Eucalyptus mitchelliana, commonly known as Buffalo sallee, Mt Buffalo sallee or Mount Buffalo gum, is a species of small tree or mallee that is endemic to part of the Mount Buffalo plateau in Victoria, Australia. It has smooth bark, linear to lance-shaped leaves, flower buds in clusters of between seven and eleven, white flowers and cup-shaped to more or less spherical fruit.

==Description==
Eucalyptus mitchelliana is a tree or mallee that typically grows to a height of 15 m and forms a lignotuber. It has smooth, grey to light grey or sometimes green bark, shedding in patches or strips to give the bark a mottled appearance. Young plants and coppice regrowth have leaves arranged that are in opposite pairs and lance-shaped to curved, 65-115 mm long and 9-20 mm wide tapering to a very short petiole. Adult leaves are arranged alternately, the same glossy green on both sides, linear to lance-shaped or curved, 75-150 mm long and 6-20 mm wide on a petiole 8-21 mm long. The flower buds are arranged in star-like clusters of seven, nine or eleven in leaf axils on an unbranched peduncle 1-5 mm long, the individual buds sessile. Mature buds are spindle-shaped, 7-10 mm long and 3-4 mm wide with a conical to horn-shaped operculum. Flowering occurs between November and January and the flowers are white. The fruit is a woody, cup-shaped to shortened spherical capsule 5-7 mm long and wide with the valves near rim level or below it.

==Taxonomy and naming==
Eucalyptus mitchelliana was first formally described in 1919 by Richard Hind Cambage in the Journal and Proceedings of the Royal Society of New South Wales, although he initially gave it the name E. mitchelli, a name previously given to a fossil species and therefore an illegitimate name. The specific epithet honours "the late Sir Thomas Livingstone Mitchell, Surveyor General, who collected many native plants, and was the second explorer to pass Mount Buffalo".

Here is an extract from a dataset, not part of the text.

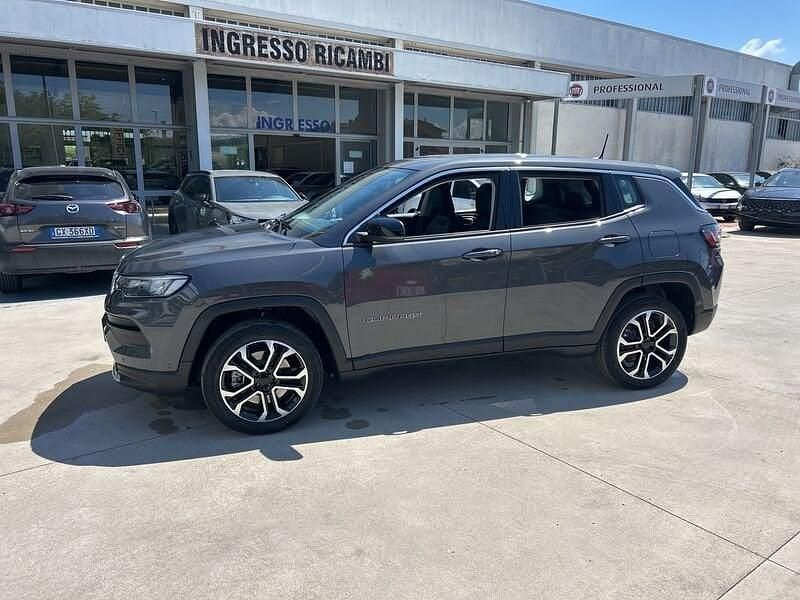 Nuova Jeep Compass Altitude 190 CV (139 kW) 2025 Grigio scuro SUV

==Distribution and habitat==
Mt Buffalo sallee is endemic to the subalpine zone of the Mount Buffalo where it is locally common in a restricted area on the northern and north-eastern rim of the plateau, growing between massive granite rocks on the edge of slopes. Only three populations are known.

==Ecology==
Both E. mitchelliana and the similar snow gum E. pauciflora grow in almost pure stands on the Mt Buffalo plateau. Buffalo sallee grows in dry, shallow soils in exposed situations, often exposed to harsh north-easterly winds. It has been suggested that disturbance may be required for populations of this species to become established.